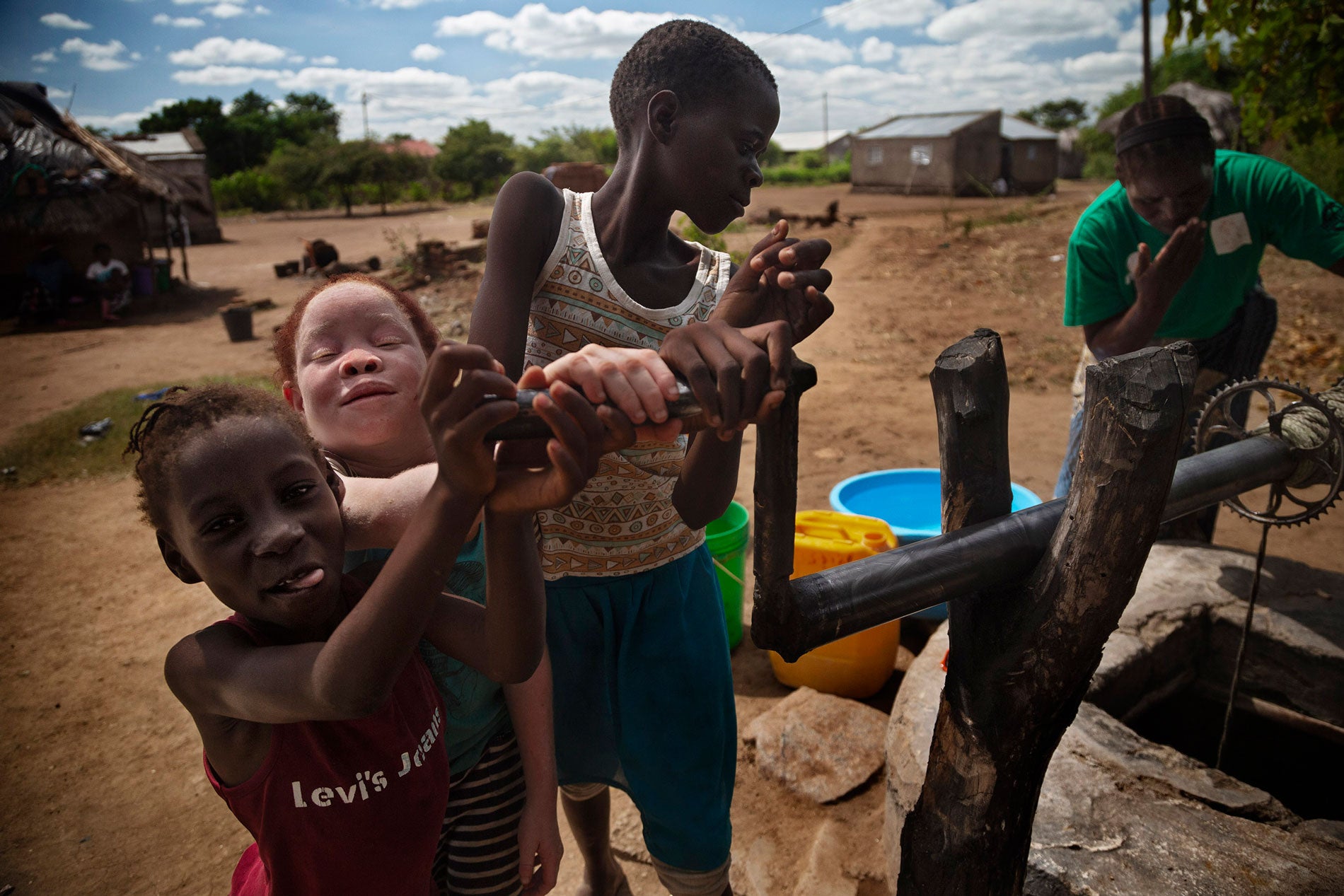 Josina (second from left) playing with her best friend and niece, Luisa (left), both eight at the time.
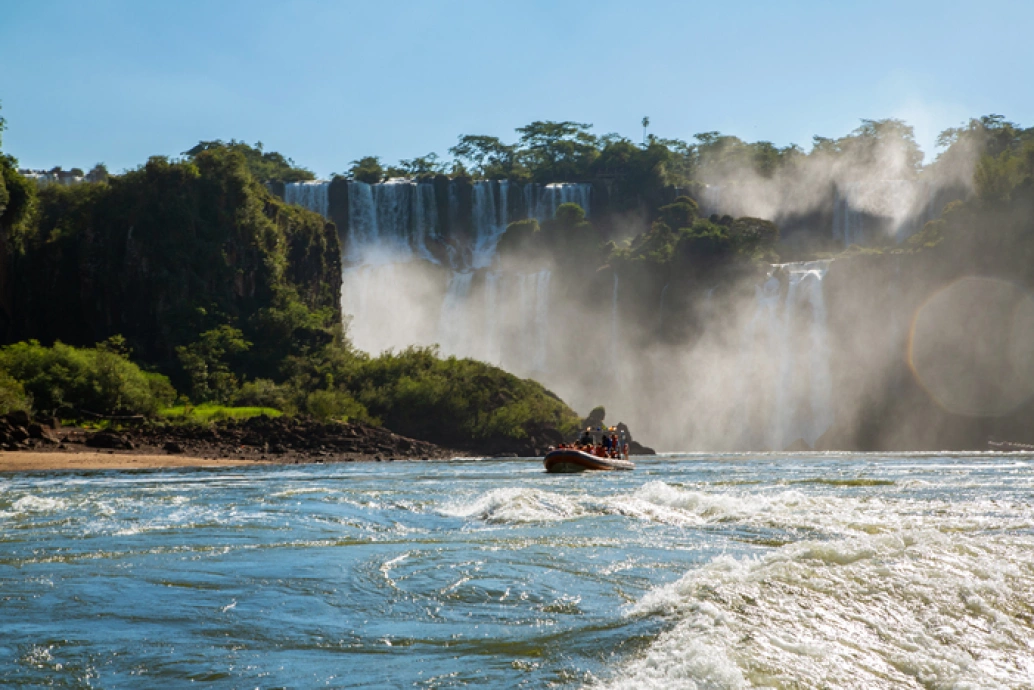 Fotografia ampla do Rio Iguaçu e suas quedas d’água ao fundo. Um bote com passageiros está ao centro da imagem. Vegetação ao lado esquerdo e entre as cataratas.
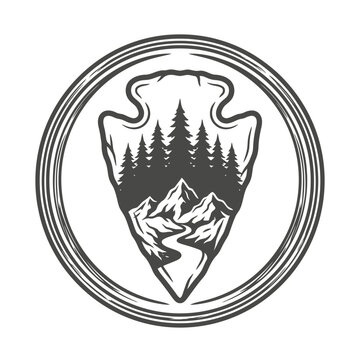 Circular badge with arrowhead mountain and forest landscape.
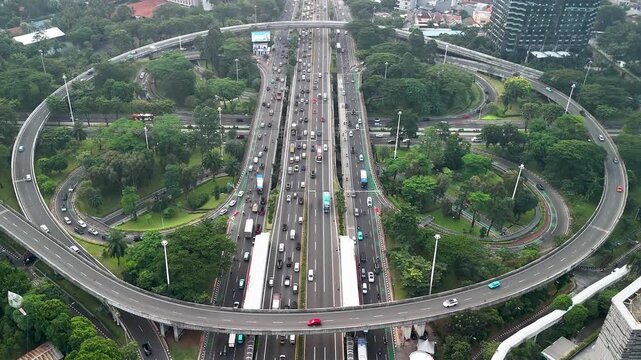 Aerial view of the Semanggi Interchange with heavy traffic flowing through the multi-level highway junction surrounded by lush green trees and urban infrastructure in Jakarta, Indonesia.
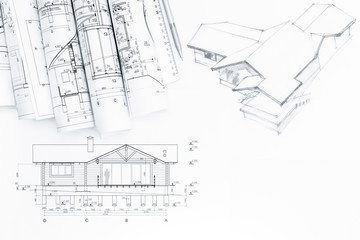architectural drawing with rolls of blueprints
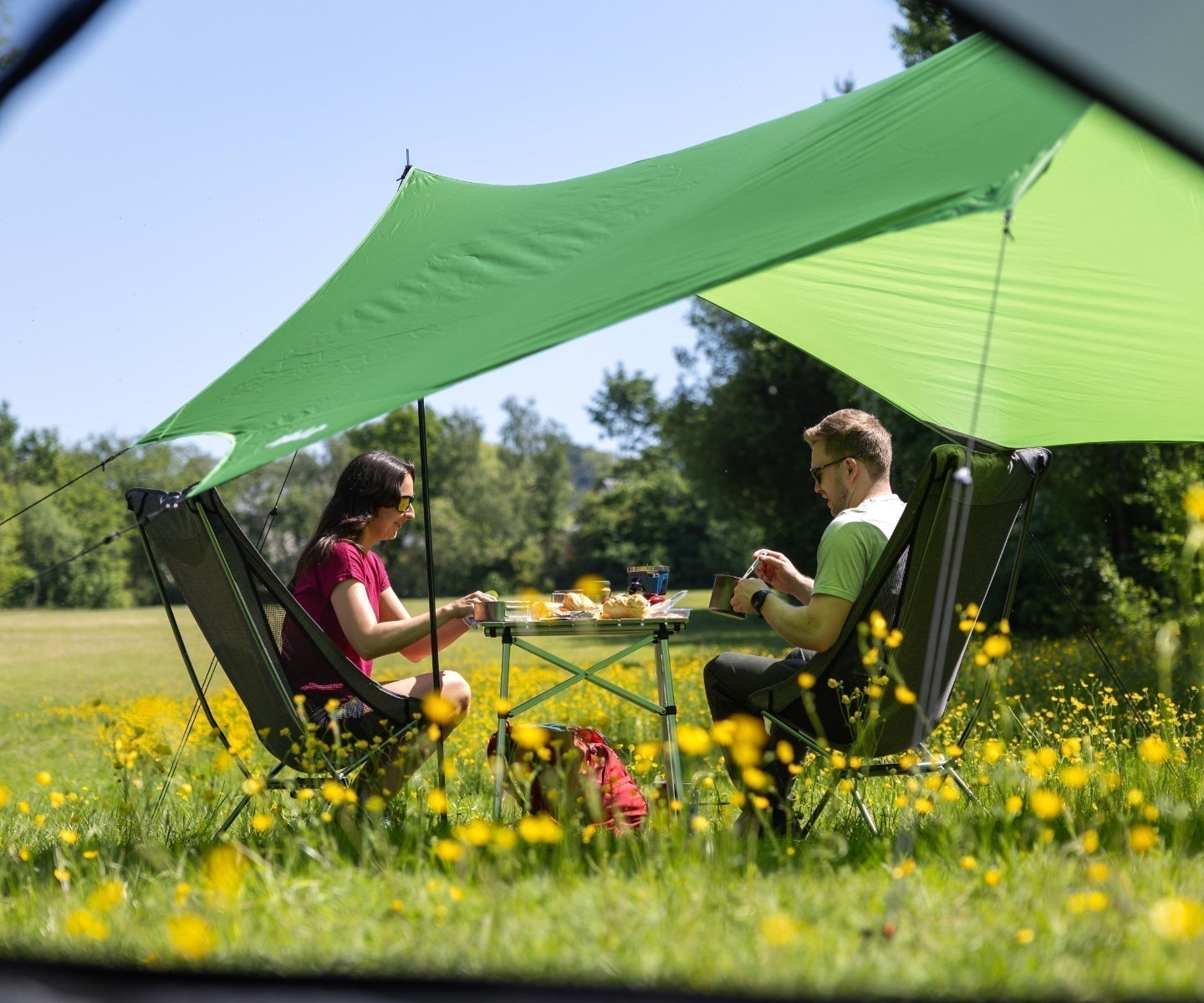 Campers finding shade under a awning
* * *
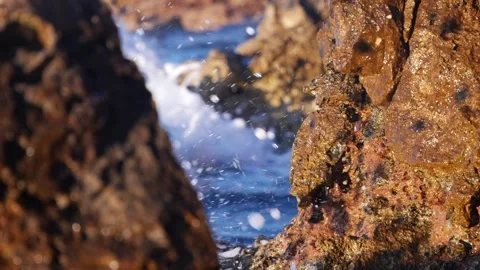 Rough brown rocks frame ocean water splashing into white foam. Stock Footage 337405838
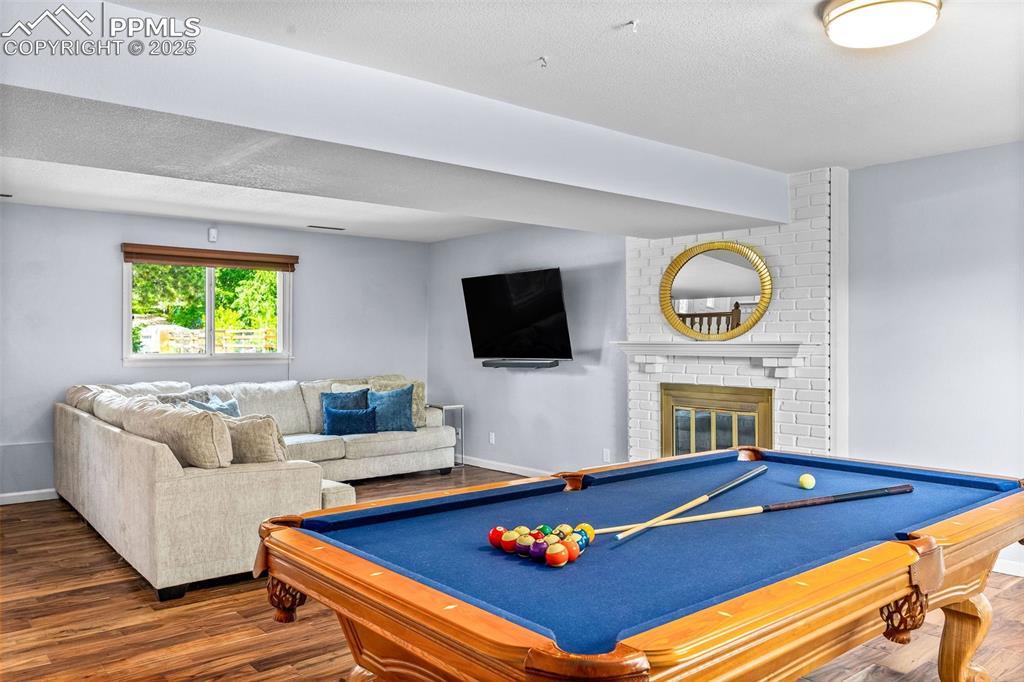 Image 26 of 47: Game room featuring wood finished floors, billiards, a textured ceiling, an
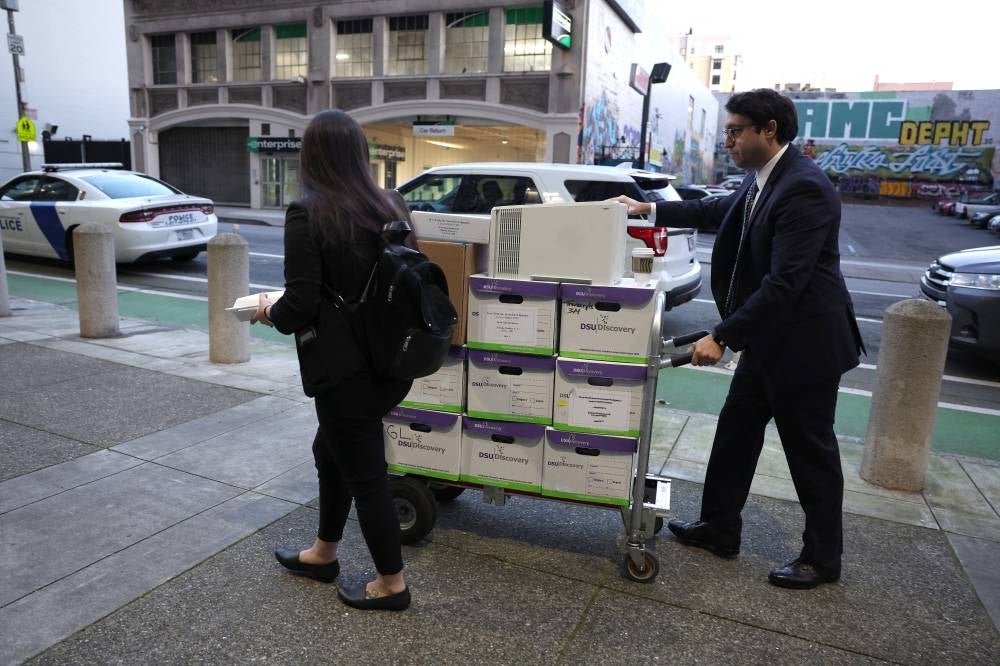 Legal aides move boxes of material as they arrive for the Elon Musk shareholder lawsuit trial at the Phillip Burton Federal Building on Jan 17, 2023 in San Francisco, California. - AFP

§ **WHAT THE TASK ASKS**
Your task is to copy only the lines above starting at the one containing "Image 26 of" and ending at the one containing "Legal aides move". Copy them exactly, both ends included, and omit the pictures.

§ **REPLY TO THE TASK**
 Image 26 of 47: Game room featuring wood finished floors, billiards, a textured ceiling, an
 Legal aides move boxes of material as they arrive for the Elon Musk shareholder lawsuit trial at the Phillip Burton Federal Building on Jan 17, 2023 in San Francisco, California. - AFP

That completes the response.